• Dataset content:

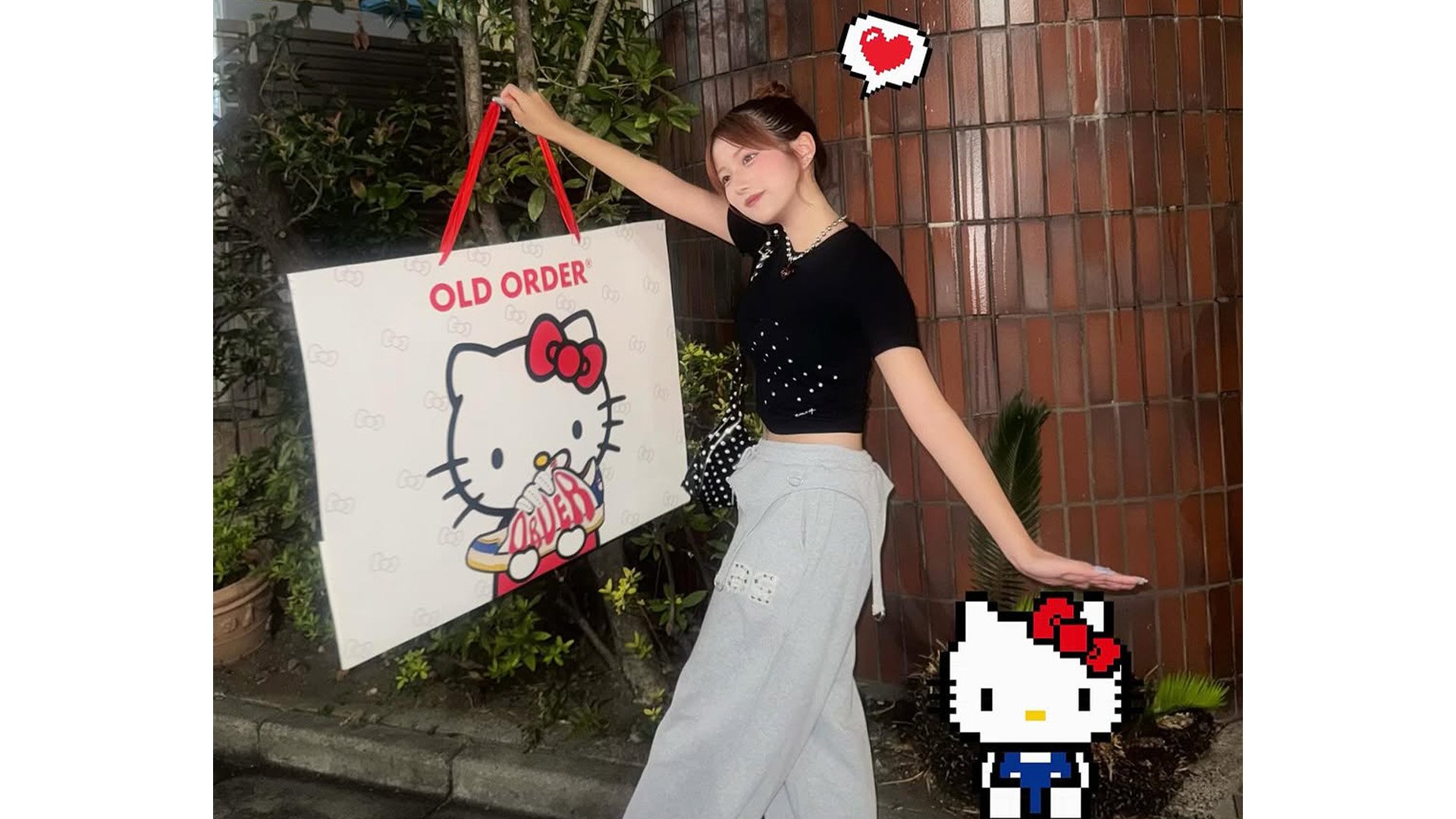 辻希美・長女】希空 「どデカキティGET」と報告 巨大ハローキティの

* * *

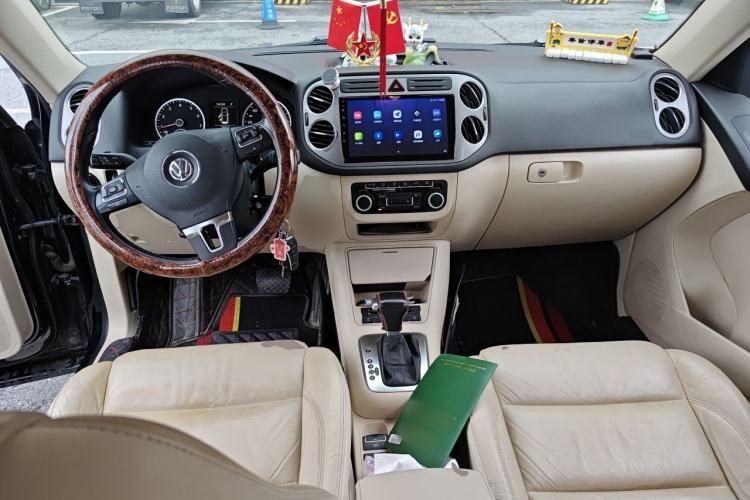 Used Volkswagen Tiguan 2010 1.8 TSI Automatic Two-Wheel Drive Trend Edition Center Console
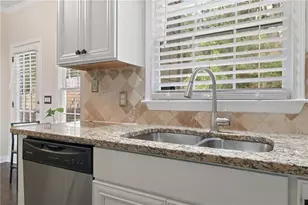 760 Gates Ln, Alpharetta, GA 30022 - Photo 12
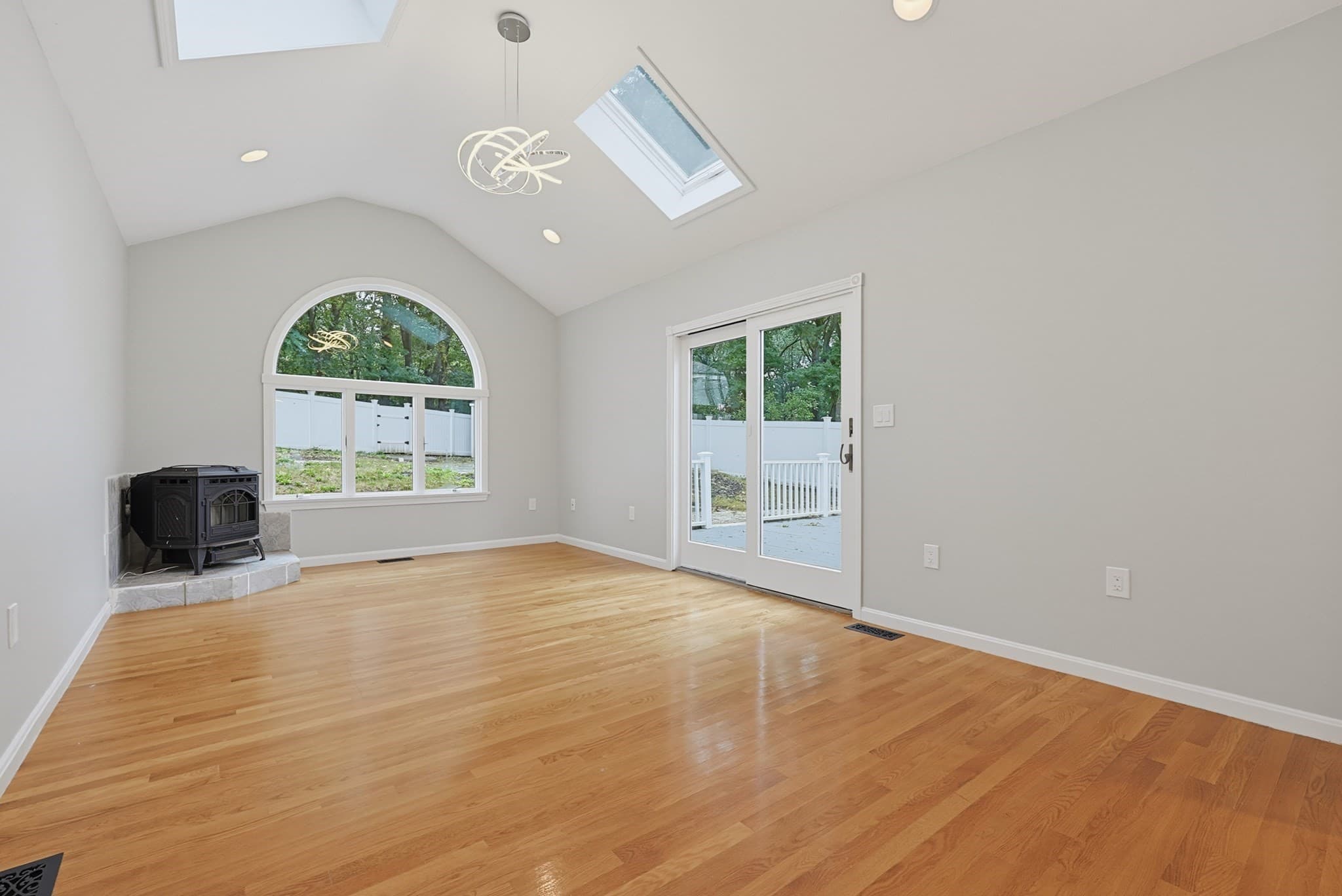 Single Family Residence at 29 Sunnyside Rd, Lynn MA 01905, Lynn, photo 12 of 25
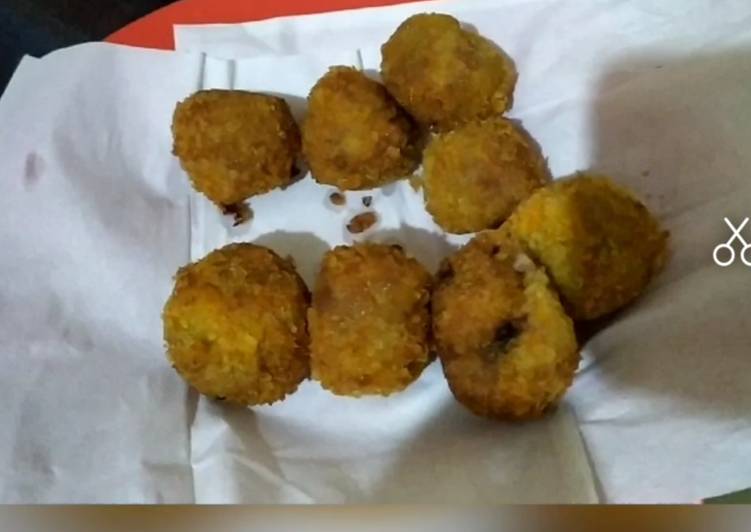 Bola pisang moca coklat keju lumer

• What to work on: Although the records hold pictures, the copy must not; give again exactly the lines from the one with "Used Volkswagen Tiguan" through the one with "Bola pisang moca coklat keju lumer".

• Answer box:
 Used Volkswagen Tiguan 2010 1.8 TSI Automatic Two-Wheel Drive Trend Edition Center Console
 760 Gates Ln, Alpharetta, GA 30022 - Photo 12
 Single Family Residence at 29 Sunnyside Rd, Lynn MA 01905, Lynn, photo 12 of 25
 Bola pisang moca coklat keju lumer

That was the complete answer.